I was a little curious about that-- are there any real geothermal operations in the US?


#15
  • Ethanol is a dead end. It is expensive to produce, and doesn’t have a high enough energy density. If we were serious about biofuels, we’d use biodiesel and/or butanol (butanol has an energy density close to gasoline, and is hydrophobic so it is removed off the top of the fermenter, not distilled out like ethanol, so it’s cheaper/easier to make)… and we’d make it from cellulose, not food!
  • Did you know that 30% of the US corn crop is being used to make ethanol to meet 7% of our fuel needs… yup, if we used ALL of our corn we’d still be short by more than 75% (and starve)!
  • Did you know that for what we are spending EACH DAY in Iraq we could remove 1 million homes from the ‘fossil fuel grid’ and provide them with energy from 100% renewable sources (wind, solar, etc.)? That’s right, for what we spend during 6 months in Iraq, we could take ALL the homes in the US off the fossil fuel grid. NOW that’s homeland security!
  • If we were to take one year’s worth of Iraq money and put it into development of renewable electricity, there would be such a surplus of electricity that it’d be SO cheap that we’d be nuts not to be driving plug-in hybrids!
  • Did you know that the US gov’t funds the “National Renewable Energy Laboratory” (NREL)… and that Bush has drastically cut their funding?! (Do I need to point out that he comes from oil money?)
  • Did you know that wind turbines are so quiet that most people who oppose them have never actually been close to one. Those people who live near turbines will tell you that when it’s windy you hear the wind, NOT the turbines!
  • Did you know that research has shown that each wind turbine is responsible for killing ~1 bird/year… yes ONLY ONE! Thousands of times more are are killed by the pollution generated by fossil fuel electric plants, pet cats, glass windows, and cars.
  • Did you know that there are school districts and communities that are erecting wind turbines and selling the electricity… and it drives their taxes WAY DOWN!
  • I want wind and solar electricity!

Bring our soldiers home, let the Middle East fight amongst themselves and keep their darn oil.

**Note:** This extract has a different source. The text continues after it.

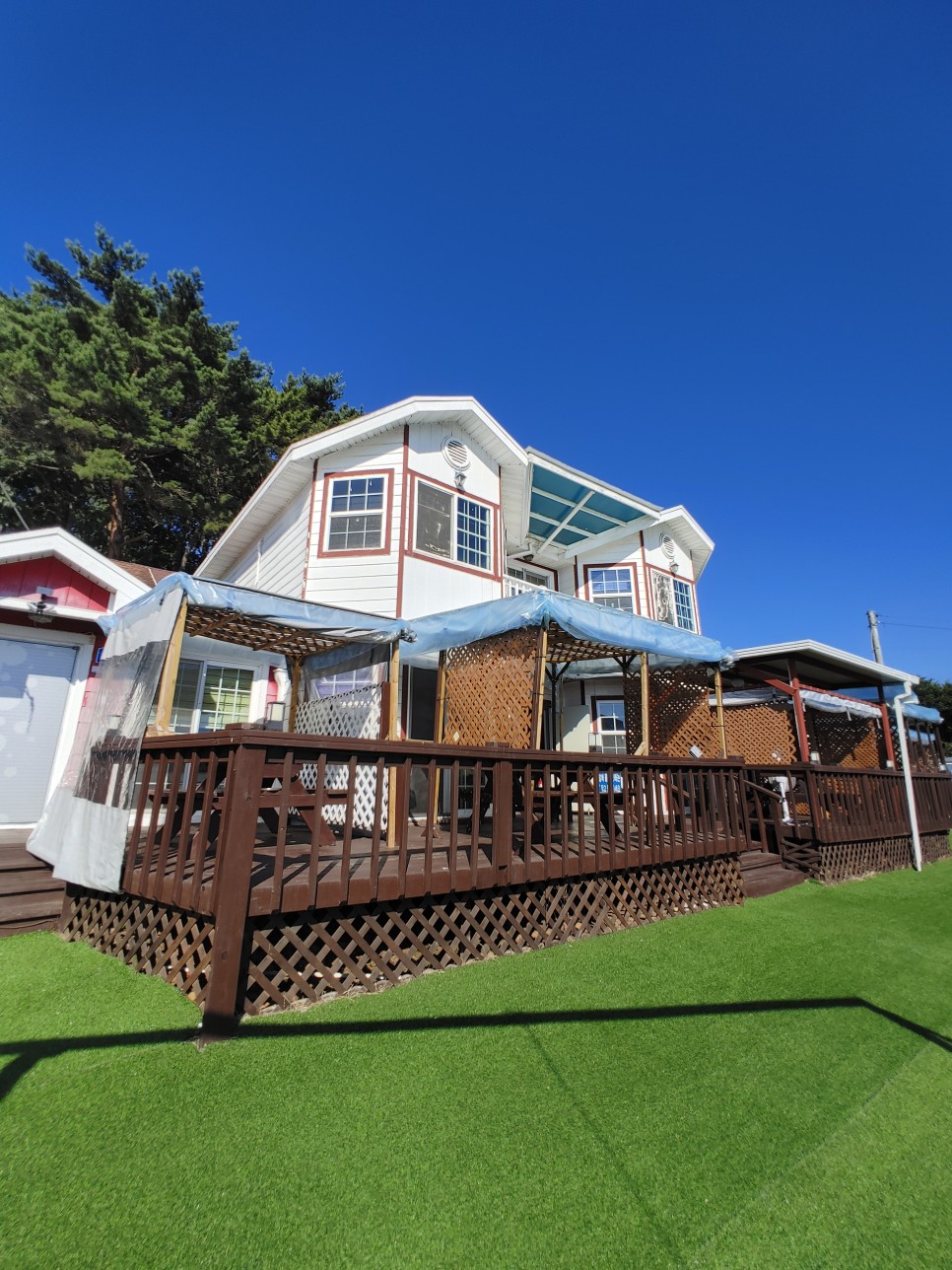 갯벌체험하기 수영장 있는 태안펜션 32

PS Last year I switched my electrical supply to ‘Community Wind’. My rates went up slightly, but by installing CFL my usage dropped so much that my bill went way down (so much so that the electric company sent someone to check my meter because they thought it was broken!).


#16

“Corn is optimal, because it is much easier to pull ethanol from corn sugars than any other crop.”

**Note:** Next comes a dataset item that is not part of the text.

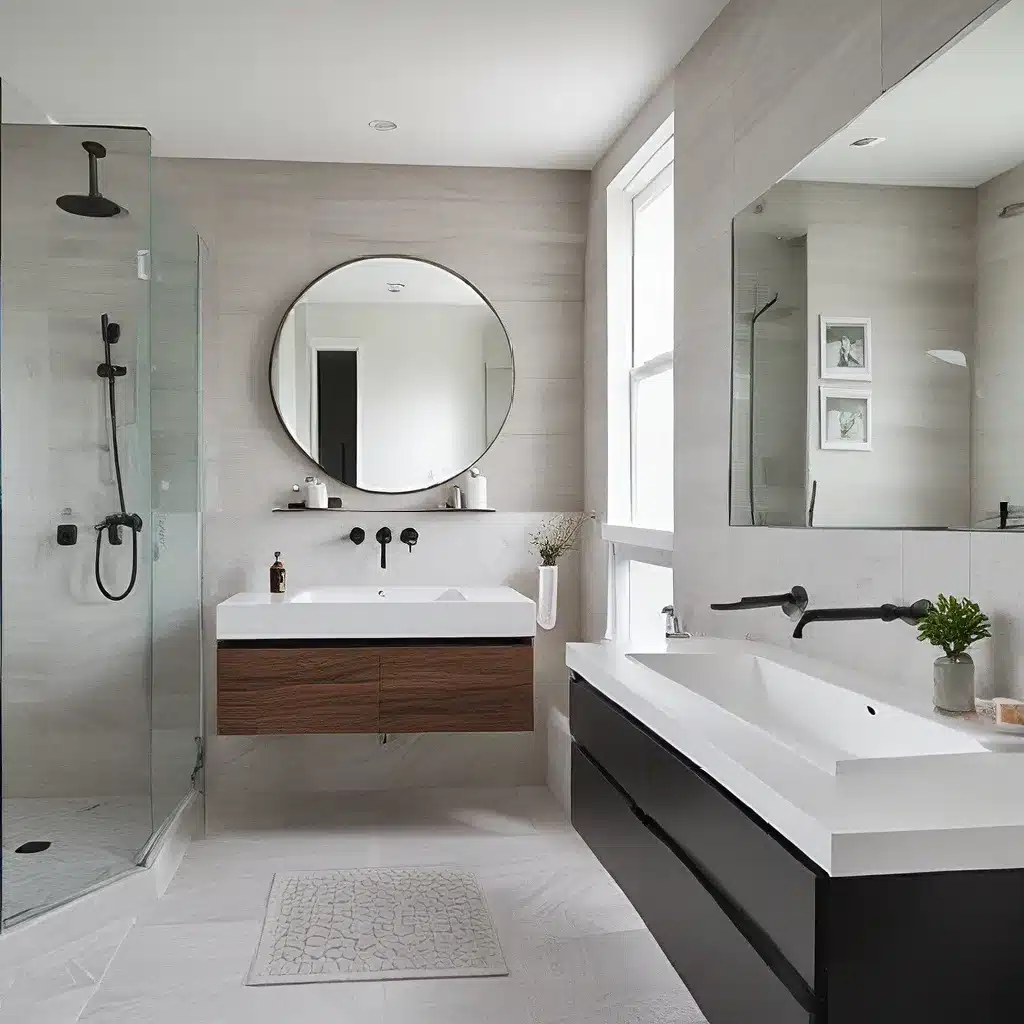 Minimalist Bathroom Designs: Maximizing Function with Streamlined Fixture Choices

I think that sugarcane is optimal, but it can’t be grown in much of the USA. Corn has very low crop density and only the kernels are useful for ethanol production. Sugarcane has a much higher crop density and more of the plant can be used to extract sugar for distillation. That’s why Brazil has successfully converted to ethanol. Corn is actually a really lousy crop for ethanol production.


#17

“I was a little curious about that-- are there any real geothermal operations in the US?”

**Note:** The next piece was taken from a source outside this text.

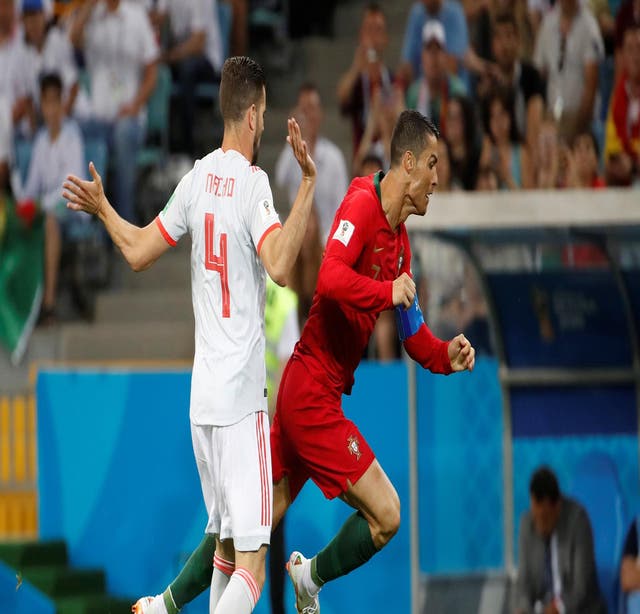 Cristiano Ronaldo hits hat-trick as Portugal deny Spain in six-goal  thriller, World Cup 2018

There are a few, not to many. Here’s a paper from a few years ago that lists them:


#18

There are break throughs happening all the time-you just aren’t hearing about them much. Just a couple weeks ago, there was a break through development at Augsburg College in Minneapolis concerning the production of biodiesel. Cut the water use down to next to nothing, etc. Not familiar with the technical details, but about $4 mil has been found to build an initial plant to produce it using the new process. The same will happen with ethanol regardless of the nay sayers. Same thing will happen with the fuel cell and battery technologies, but it will take some time to find the right combinations of a practical, cost effective solution, with an infra structure nation-wide. Incidentally, the percentage of food cost that the farmer gets is about 2% of what you pay at the store. Fuel and distribution costs throughout are what are drivbing many of the costs up, not corn costs.


#19

Also, it will take hours to charge the batteries, as opposed to minutes to fill your tank with gasoline…

On hybrid cars the batteries are charged by applying the brakes.